The challenges did not deter the developers.

Taconic’s next project will be part of an emerging life sciences cluster on the West Side of Manhattan. The developer, in conjunction with Silverstein Properties, has already renamed a former nearby film production studio to Hudson Research Center, leasing space to tenants including the New York Stem Cell Foundation.

Plans for the new project were drawn up by Perkins & Will, an architectural firm, and include replacing the brick and concrete facade with glass and shiny aluminum. An automatic helix-shaped ramp, a vestige of the days of the building’s exposure, will become the centerpiece of the reincarnated interior. The renovation is expected to be completed in early 2023, Mr. Weir said.

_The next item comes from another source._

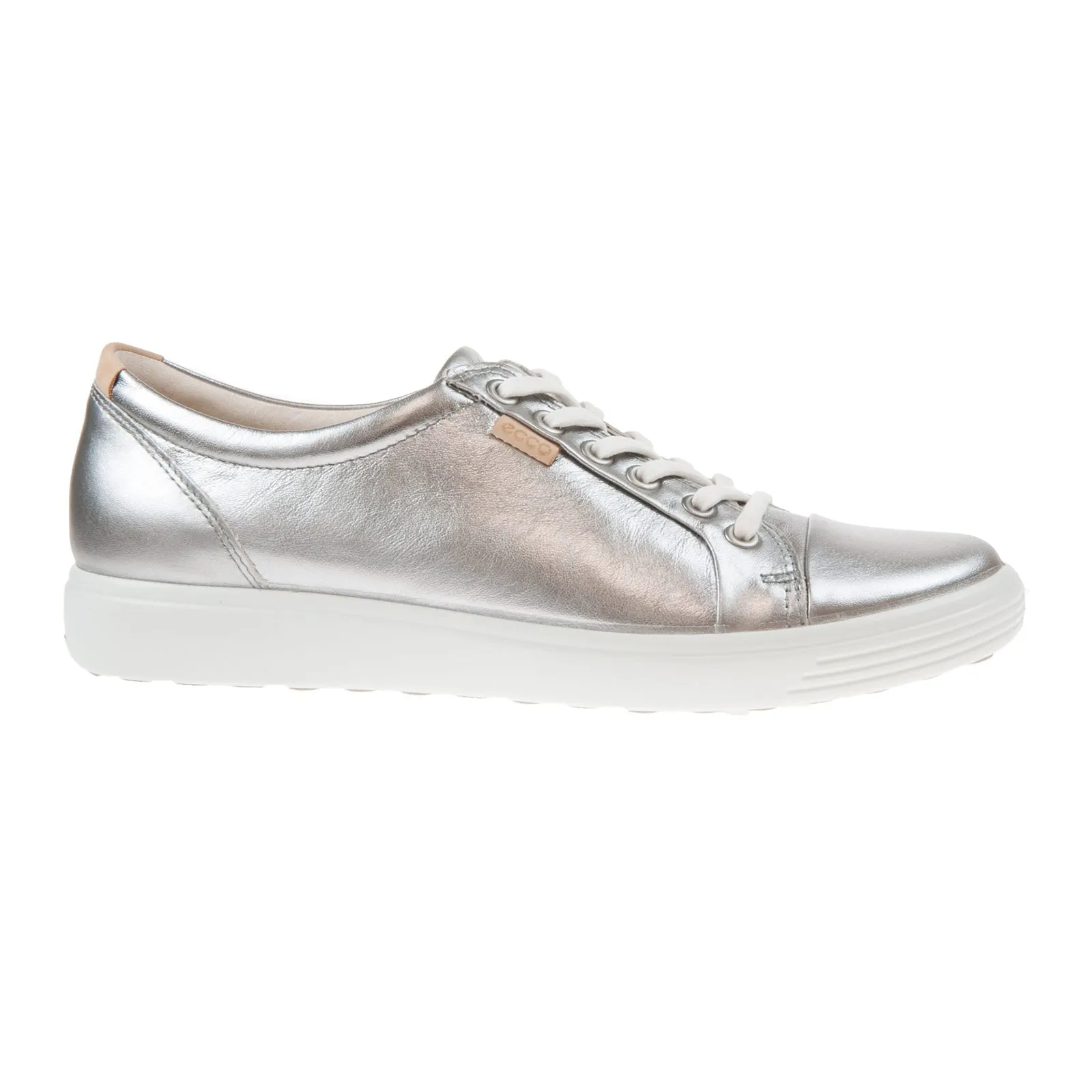 Ecco Soft 7 430003 Nubuck Women's Fashion Trainers - UK 7.5 - US 10-10.5 Women - EU 41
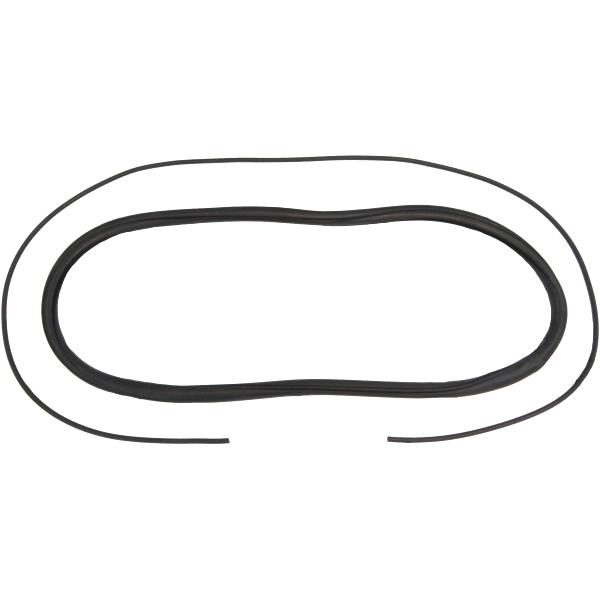 Rear Window Weatherstrip Seal Set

Other projects are underway in a growing life sciences cluster in West Harlem, near Columbia University, where Janus Property Company is renovating old brick factories for tenants, including Harlem Biospace, an incubator offering a shared laboratory space. Janus is also building the 350,000 square foot Taystee Lab building on the site of a former bread bakery.

An influx of private venture capital money into the companies that would occupy such projects only stimulated interest.

“Every week a developer buys a building to convert to life sciences,” said Joshua King, executive managing director of Cushman & Wakefield, a commercial real estate company. He said he and his colleagues were constantly responding to calls from homeowners considering desk-to-lab conversions.

But the life science “boom” is a boomlet at best.

Of the nearly 500 million square feet of office space in New York City, less than two million square feet is redeveloped for laboratories or marketed exclusively for the life sciences, although more are in development. (For comparison, Boston has about 30 million square feet of such space.)

Life sciences “will not be an office savior in New York in any way,” said William Hartman, executive general manager of Cushman & Wakefield. “This will not solve the big problem of vacancies.”

“Maybe we are experiencing a premature exuberance,” he added.

The availability of marketed buildings for laboratories is 30.5%, according to the CBRE report, although the availability of pre-built space is only 2.3%.

“The reality is that demand is limited,” said John H. Cunningham, executive vice president of Alexandria. “There are a handful of companies in the market that try out tires.”

But Lindsay Greene, chief strategy officer at the Economic Development Corporation, predicted that demand would catch up with supply as early stage companies secure funding and move from incubators to their own spaces. “There is a catch-up effect,” she says. “We have to allow time for this to unfold.”

Some existing life science spaces have served efforts related to the pandemic. The city has set up its pandemic response laboratory, which processes coronavirus tests, in central Alexandria.

Yet the future of the sector will depend on tenants who survive the pandemic. It takes about 25 years for a life sciences industry to mature.

“Our goal is not to overtake another city,” Ms. Greene said, “but to be part of a peer group with them.”